This article is for anyone that wants to learn the basics of neural networks applied to graphical content, which can be either images or videos.
As an iOS developer myself, I was initially frightened to look into anything related to machine learning. But, one day I stumbled upon a Computer Vision book called Computer Vision – Algorithms and Application by Richard Szeliski. I wouldn’t recommend it for beginners, but it was good introduction for me.
As for any iOS developer, since the release of Core ML and Turi Create, we can definitely build powerful and production-ready ML tools that can enhance the user experience of your application.
In the following post, I’v tried to explain the concept of neural networks the way I would’ve wanted to learn them when I started.
A primer on convolutional neural networks (CNNs)
Nine times out of ten, when you hear about scientific barriers that have been overcome through the application of deep learning techniques, convolutional neural networks are involved. Also called CNNs or ConvNets, they’re the spearheads of deep learning, especially when it comes to computer vision applications.
Today, they’re even able to learn how to sort images by category with, in some cases, better results than manual sorting. If there’s a method that justifies a particular craze when it comes to the deep learning world, then it’s CNNs. What is particularly interesting with CNNs is that they’re also easy to understand, when you divide them into their basic functionality.
A CNN compares images fragment-by-fragment. The fragments a CNN looks for are called features. By finding approximate features that are roughly similar in 2 different images, the CNN is much better at detecting similarities than via a full image-to-image comparison.
These supervised learning techniques can provide very good results, and their performance strongly depends on the quality of the previously-found features. There are several methods for extracting and describing features.
In practice, the classification error is never zero. The results can then be improved by creating new feature extraction methods that are more suited to the studied images, or by using a “better” classifier.
But in 2012, a revolution occurred: at the annual ILSVRC computer vision competition, a new deep learning algorithm surpassed all previous benchmark records! This was a convolutional neural network called AlexNet.
Convolutional neural networks have a methodology similar to traditional methods of supervised learning: they receive input images, detect the features of each of them, and then drag a classifier over them.
However, features are learned automatically! The CNNs do all the hard work of extraction and description of features: during the training phase, the classification error is minimized in order to optimize the parameters of the classifier AND the features!
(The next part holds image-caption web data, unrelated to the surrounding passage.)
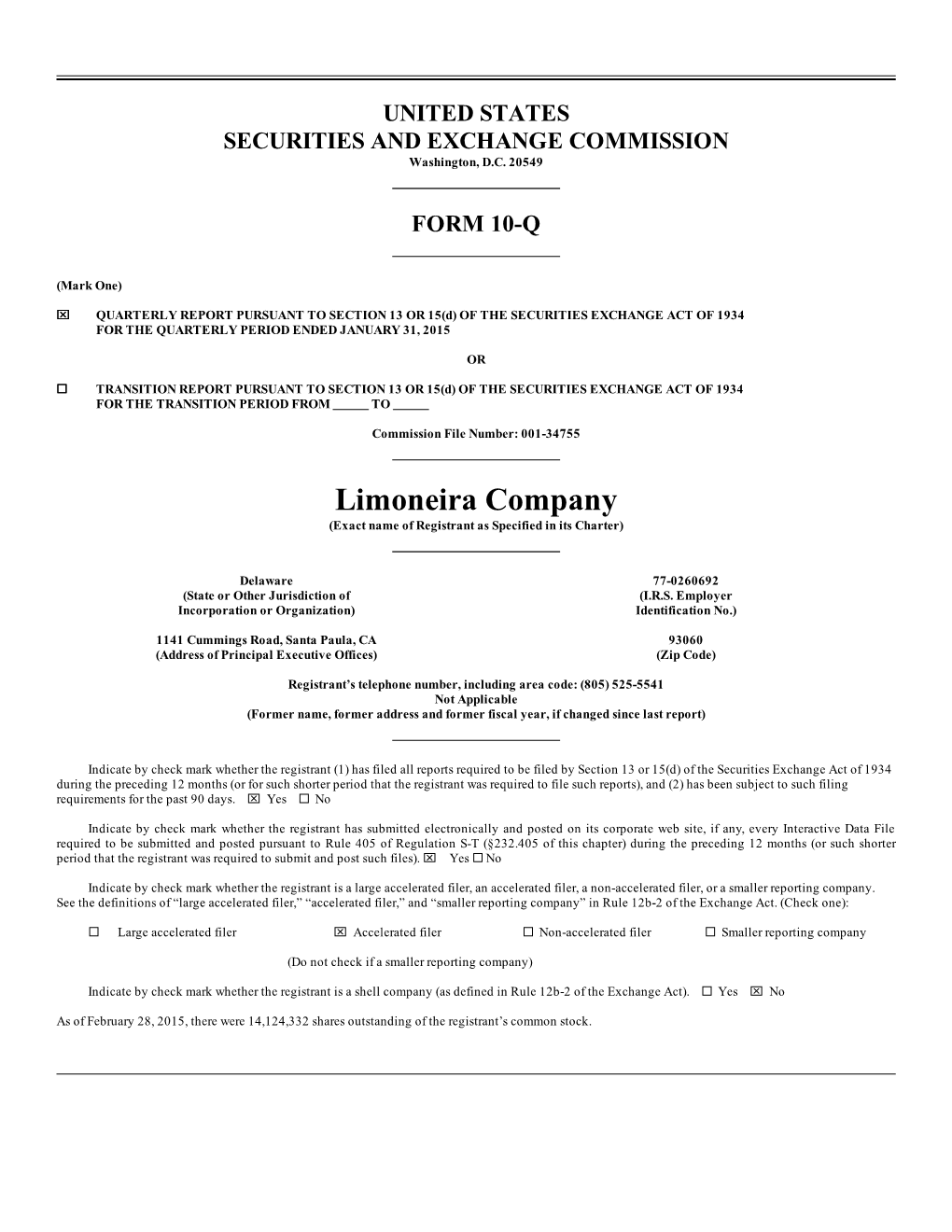 Limoneira Company (Exact Name of Registrant As Specified in Its Charter)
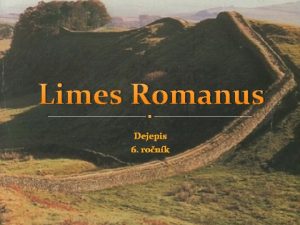 Limes Romanus Dejepis 6 ronk Pribline v 2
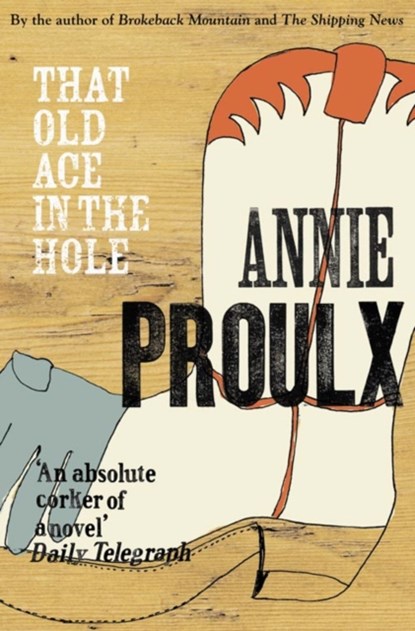 That Old Ace in the Hole, Annie Proulx - Paperback - 9780007151523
In addition, the specific architecture of the network can extract features of different complexities, from the simplest to the most sophisticated.
The automatic feature extraction and prioritization, which adapts to the given problem, is one of the strengths of convolutional neural networks: no need to implement a “hand-to-hand” extraction algorithm.
Unlike supervised learning techniques, convolutional neural networks learn the features of each image. That’s where their strength lies: networks do all the work of extracting features automatically, unlike supervised learning techniques.
There are four types of layers for a convolutional neural network: the convolutional layer, the pooling layer, the ReLU correction layer, and the fully-connected layer. Next, I’ll explain the purposes of these different layers.
1. The convolution layer
A convolutional layer is the key component of convolutional neural networks, and generally constitutes at least their first layer.
Its purpose is to locate the presence of a set of features in the images received as input. For this, we perform convolutional filtering: the principle idea is to “drag” a window representing the feature on the image and then calculate the product of the convolution between the feature and each portion of the scanned image. A feature is then seen as a filter: the two terms are equivalent in this context.
The convolution layer thus receives several images as input and calculates the convolution of each of them with each filter. The filters correspond exactly to the features you want to find in the images.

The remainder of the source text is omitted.